I have a few questions, raised by @UltraVires and @Northern_Piper’s comments on abortion, that I’m sure that I could easily look up but could lead to interesting discussion. Criminal law in the US is mostly left to the states, while in Canada it’s entirely federal. My understanding is that unlike civil law which was left to the provinces because Quebec/Lower Canada kept its French-derived civil law while Ontario/Upper Canada devised its own based on English common law, both of these provinces adopted criminal law based on English law, in such a way that it could be left to the federal after 1867. So my questions are:
- The fact that it could be left to the federal state doesn’t mean it was a given that it would be. Was there debate among the devisers of the 1867 constitution on whether criminal law should be federal or provincial? And has there been legal argument since then that it should be provincial?

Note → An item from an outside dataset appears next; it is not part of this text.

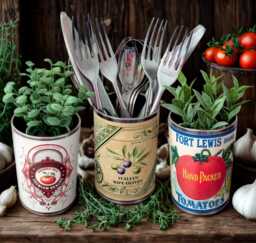 Italian Vintage Retro Herb Planters Tin Cans. Kitchen Indoor Plant Planter Pots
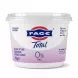 A professional e-commerce product photo showing the front of a FAGE Total 0% Fat Greek Yoghurt 450g plastic tub against a pure white background. The clean, white tub is centered and fills most of the frame, clearly displaying the FAGE brand logo, the large "Total" script, and "0% FAT" below it on a light purple band. All product information, including nutritional data and "Natural Fat Free Greek Recipe Strained Yoghurt", is sharp and legible under bright studio lighting with soft, even shadowing.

- Did New Brunswick and Nova Scotia have their own criminal law prior to 1867, or did they rely entirely on unwritten English common law? We could ask the same question of Prince Edward Island, British Columbia and Newfoundland prior to joining Canada.
- I guess, the same question but about Upper Canada and Lower Canada between 1791 and 1840.
Essentially, I’m asking about the development of criminal law in Canada, and why it ended up being left to the federal state even though the obvious model would have been the US where the states kept this power even after joining the federation.